# Poling tips for a beginner



## FCanglr904 (Sep 26, 2021)

Alright guys i pulled the trigger on a moonlighter 20ft fiberglass pole for my Gheenoe LT10. i went out this past saturday and boy did i learn alot and was humbled very quickly to say the least lol. yall make it look so easy ! anyways im here for tips any and all are welcomed. 

So i began by setting up my cooler on the back deck of my boat strapped down and got the general idea after watching a few videos. needless to say i struggled but i had a great time. At first my motor was down and i was having a hard time turning for obvious reasons. i eventually lifted the motor out of the water tilted all the way up and had a lot more success after that. still had a hard time staying straight and the wind turning me around. it was about 2-3 knots when i started and about 2 hours later the wind picked up to about 10-15 and i gave up in those conditions i was just getting beat up and thrown into every grass line. Anything helps how do i do this in the wind? how much wind is considered to windy for poling? How do i stay straight? I have lots of questions and nobody i know poles so i can't just take a buddy out to show me lol. im in jacksonville FL so mud is a big factor. Thanks in advance guys!


----------



## flyclimber (May 22, 2016)

Gheenoes can be tough to pole, especially in the Jax mud. Keep your bow into the wind is a good start and make small adjustments to start. I would also fish with a buddy on the bow so you aren’t squatting in the boat, that’s nearly impossible to push. Start with small pushes like 1’ pushes and don’t walk your hands on the pole. Get a feel for where each pole position does to the boat and learn from there.


----------



## MMc (Sep 27, 2018)

If possible, try to plan your fishing path to move in the direction of the wind/tide so that it is more of a controlled drift rather than constantly fighting wind and current. Obviously not possible in all situations, but helps when you can.


----------



## 17376 (May 5, 2017)

Get out on a calm day and practice. Have patience. That gheenoe is a pain in a sense to pole. Also don't try and push super hard bc you will over steer. Get up towards Kingsley plantation where there is a lot more hard bottom and practice.


----------



## FCanglr904 (Sep 26, 2021)

MMc said:


> If possible, try to plan your fishing path to move in the direction of the wind/tide so that it is more of a controlled drift rather than constantly fighting wind and current. Obviously not possible in all situations, but helps when you can.





Northfl89 said:


> Get out on a calm day and practice. Have patience. That gheenoe is a pain in a sense to pole. Also don't try and push super hard bc you will over steer. Get up towards Kingsley plantation where there is a lot more hard bottom and practice.

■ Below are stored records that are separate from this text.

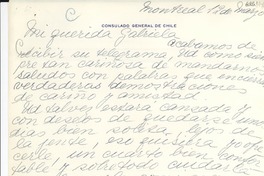 [Carta] 1946 mar. 12, Montreal [a] Gabriela Mistral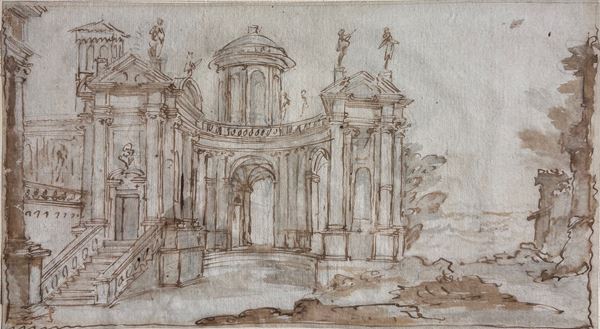 Marco Ricci - Scorcio architettonico (recto); Studio di architettura (verso)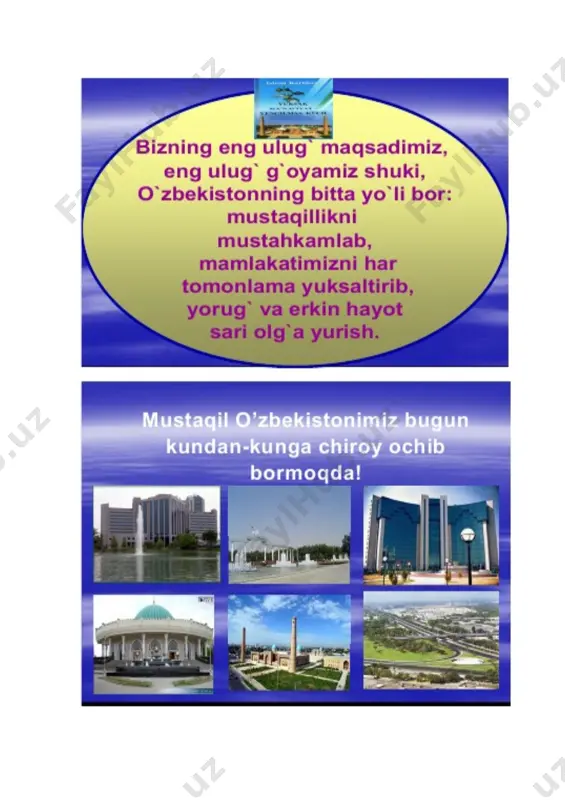 hilardan ushbu o`tkazilgan mashg`ulotdan olingan taassurotlar haqida fikrlashadi. o`quvchilarning tahminiy javoblari; 1-o`quvchi: menda bu tanishuvdan ko`tarinki ichki hissiyot paydo bo`ldi. 2-o`quvchi: men bu mashhulotda faol qatnashish mas'uliyatini sezdim. o`qituvchi: sizlarga katta rahmat! barchangiz tanishuv mashqulotida faol ishtirok etganingizdan juda mamnun bo`ldim. o`ylaymanki darsimiz davomida yanada ishchanlik kayfiyatida bo`lasizlar. bugungi mavzu: o`zbekiston - ulkan imkoniyatlar, yangilanishlar va islohotlar mamlakati. (o`qituvchi sinf taxtasiga yozib qo`yilgan yangi mavzuni tushuntirish davomida uchraydigan tayanch so`z va iboralar ma'nosini o`quvchilar faolligini ta'minlagan holda izohlab beradi). o`quvchilarni faollashtirish uchun savollar 1.mana bugun o`quv yilining birinchi kuni, maktabga kelishingizdan oldin siz o`zingizga qanday maqsad qo`ydingiz? o`quvchilarning javoblari umumlashtiriladi. (har bir o`quvchining fikrini olishga harakat qilinadi. agar 9-sinf o`quvchilari bo`lsa, savolni davom ettirib, kelgusida qaysi kasbni egasi bo`lmoqchisiz, buning uchun nima ishlarni qilishingizni lozimligini o`ylab ko`rdingizmi? degan savol ham berish mumkin.) 2. bizning yashayotgan hududda sizlarning ertangi kuningiz uchun qanday imkoniyatlar mavjud? o`quvchilarning javoblarini o`qituvchi umumlashtirgan holda hududagi yangi …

yeah the biggest hurdles i had was wind, bad mud bottom in sisters creek and it being high tide so water was relatively deep in some spots but i just wanted to get my feet wet. im gonna try that tho!


----------



## ElLobo (Sep 14, 2020)

Imagine there is a hula hoop size circle behind the engine. Only put the pole down in that area when making adjustments. Also pick one side of your body to be the strong side and try to pole from that side 99% of the time.


----------



## 17376 (May 5, 2017)

Also have someone up front or a bunch of weight to balance the boat.


----------



## FCanglr904 (Sep 26, 2021)

Northfl89 said:


> Also have someone up front or a bunch of weight to balance the boat.

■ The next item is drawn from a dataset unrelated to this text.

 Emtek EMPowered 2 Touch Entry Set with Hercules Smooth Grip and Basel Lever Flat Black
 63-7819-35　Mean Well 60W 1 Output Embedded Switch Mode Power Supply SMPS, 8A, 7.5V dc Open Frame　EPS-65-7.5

okay will do ! i had my wife upfront saturday blind casting we got 3 trout all over 20 inches so i was happy considering i couldn't put us in positions i wanted most of the time. i look forward to getting more time on the platform!


----------



## Action Johnson (Feb 4, 2016)

El Lobo nailed it. Most of the new folks that I put on the poling platform of my boat make huge corrections and inevitably lose control of their track. Small corrections and deviations are all that is needed. Really you can get all the tips you want on here however ultimately its going to be time on the water in different conditions to build up that muscle memory. It will be frustrating at first, just keep at it!


----------



## Feltonard (Nov 6, 2019)

Look at it this way, if you can pole a gheen, you can pole anything. I found on my old LT that the more weight in the bow the better, I had someone use a yeti 50 loaded with beer and ice as a casting platform. Helped the boat track a little better but at the end of the day the Gheenoe hull is just really tough to pole.


----------



## Sublime (Oct 9, 2015)

All good points. I would add that in mud, less is more. Only push down hard enough to make headway. Jerking the pole out in a quick motion to set it again can help depending on just how sticky it is. If you try to pull it out slowly It will probably slow any forward progress and in some cases set you on a path in the wrong direction. 

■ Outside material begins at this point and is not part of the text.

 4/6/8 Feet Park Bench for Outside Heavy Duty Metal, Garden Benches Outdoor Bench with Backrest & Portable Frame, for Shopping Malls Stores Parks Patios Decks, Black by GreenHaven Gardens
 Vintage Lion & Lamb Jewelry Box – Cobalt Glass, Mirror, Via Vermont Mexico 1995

Also, use your hip as leverage. You will find that using your hip when you can is immensely easier that just having the pole in two hands alone.


----------



## BrownDog (Jun 22, 2019)

Time

also practice poling off both sides of your body


----------



## PTLuv2Fish (Feb 10, 2021)

I have an LT10 and a 12 foot Yak Attack stake out pole, I get put the motor up all the way and secure my tiller extension handle so it stays centered. Then I rest the back of my legs/calf's on the motor standing on the rear platform-not a poling platform. I set up my drifts best I can with the wind and sun in best location to see the fish, I have my fishing buddy up front and sometimes am only using finger tip pressure on that pole and barely crawling. Much easier to stop a slow drift and less likely to spook the fish this way. I have to fight my tendency to go fast all the time. You just got to learn to make very small corrections, accept that it is like a leaf on the water and it ain't gonna be easy but you can do it. I have poled a BT Mosquito also and that was like pushing a train compared to the Gheenoe and has it's own problems due to the momentum it has. It stays put and stays on course much better though but it cost 4 times as much and don't catch anymore fish. The fish don't care


----------



## coconutgroves (Sep 23, 2013)

Location, price and contact info please....


----------



## Andresspinetti (Mar 5, 2018)

FCanglr904 said:


> Alright guys i pulled the trigger on a moonlighter 20ft fiberglass pole for my Gheenoe LT10. i went out this past saturday and boy did i learn alot and was humbled very quickly to say the least lol. yall make it look so easy ! anyways im here for tips any and all are welcomed.
> 
> So i began by setting up my cooler on the back deck of my boat strapped down and got the general idea after watching a few videos. needless to say i struggled but i had a great time. At first my motor was down and i was having a hard time turning for obvious reasons. i eventually lifted the motor out of the water tilted all the way up and had a lot more success after that. still had a hard time staying straight and the wind turning me around. it was about 2-3 knots when i started and about 2 hours later the wind picked up to about 10-15 and i gave up in those conditions i was just getting beat up and thrown into every grass line. Anything helps how do i do this in the wind? how much wind is considered to windy for poling? How do i stay straight? I have lots of questions and nobody i know poles so i can't just take a buddy out to show me lol. im in jacksonville FL so mud is a big factor. Thanks in advance guys!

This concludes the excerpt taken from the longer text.